■ WORK REQUEST ■
Please report every line in the entries that contains the string "Woman".

[Collected data]
══════
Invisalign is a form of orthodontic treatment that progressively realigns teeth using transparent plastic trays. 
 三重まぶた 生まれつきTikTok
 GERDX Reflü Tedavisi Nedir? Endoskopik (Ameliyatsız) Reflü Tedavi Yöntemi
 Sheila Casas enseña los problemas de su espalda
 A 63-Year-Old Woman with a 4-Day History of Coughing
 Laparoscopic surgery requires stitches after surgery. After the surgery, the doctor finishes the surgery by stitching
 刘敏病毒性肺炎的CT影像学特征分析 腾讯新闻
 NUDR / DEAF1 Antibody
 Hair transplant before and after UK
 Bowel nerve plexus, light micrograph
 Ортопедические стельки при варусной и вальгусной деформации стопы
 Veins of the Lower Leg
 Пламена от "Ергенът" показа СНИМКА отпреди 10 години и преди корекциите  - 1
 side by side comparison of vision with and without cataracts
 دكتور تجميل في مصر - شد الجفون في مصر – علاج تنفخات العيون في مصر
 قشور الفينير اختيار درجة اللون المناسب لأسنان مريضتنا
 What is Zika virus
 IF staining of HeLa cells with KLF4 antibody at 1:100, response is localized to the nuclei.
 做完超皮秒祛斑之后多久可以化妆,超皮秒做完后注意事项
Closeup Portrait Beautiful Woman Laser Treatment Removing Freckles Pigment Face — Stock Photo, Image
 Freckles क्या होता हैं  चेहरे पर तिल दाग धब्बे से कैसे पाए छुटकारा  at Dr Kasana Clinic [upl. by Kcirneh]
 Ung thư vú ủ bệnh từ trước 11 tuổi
══════
■ SOLUTION FOR THIS TASK ■
 A 63-Year-Old Woman with a 4-Day History of Coughing
Closeup Portrait Beautiful Woman Laser Treatment Removing Freckles Pigment Face — Stock Photo, Image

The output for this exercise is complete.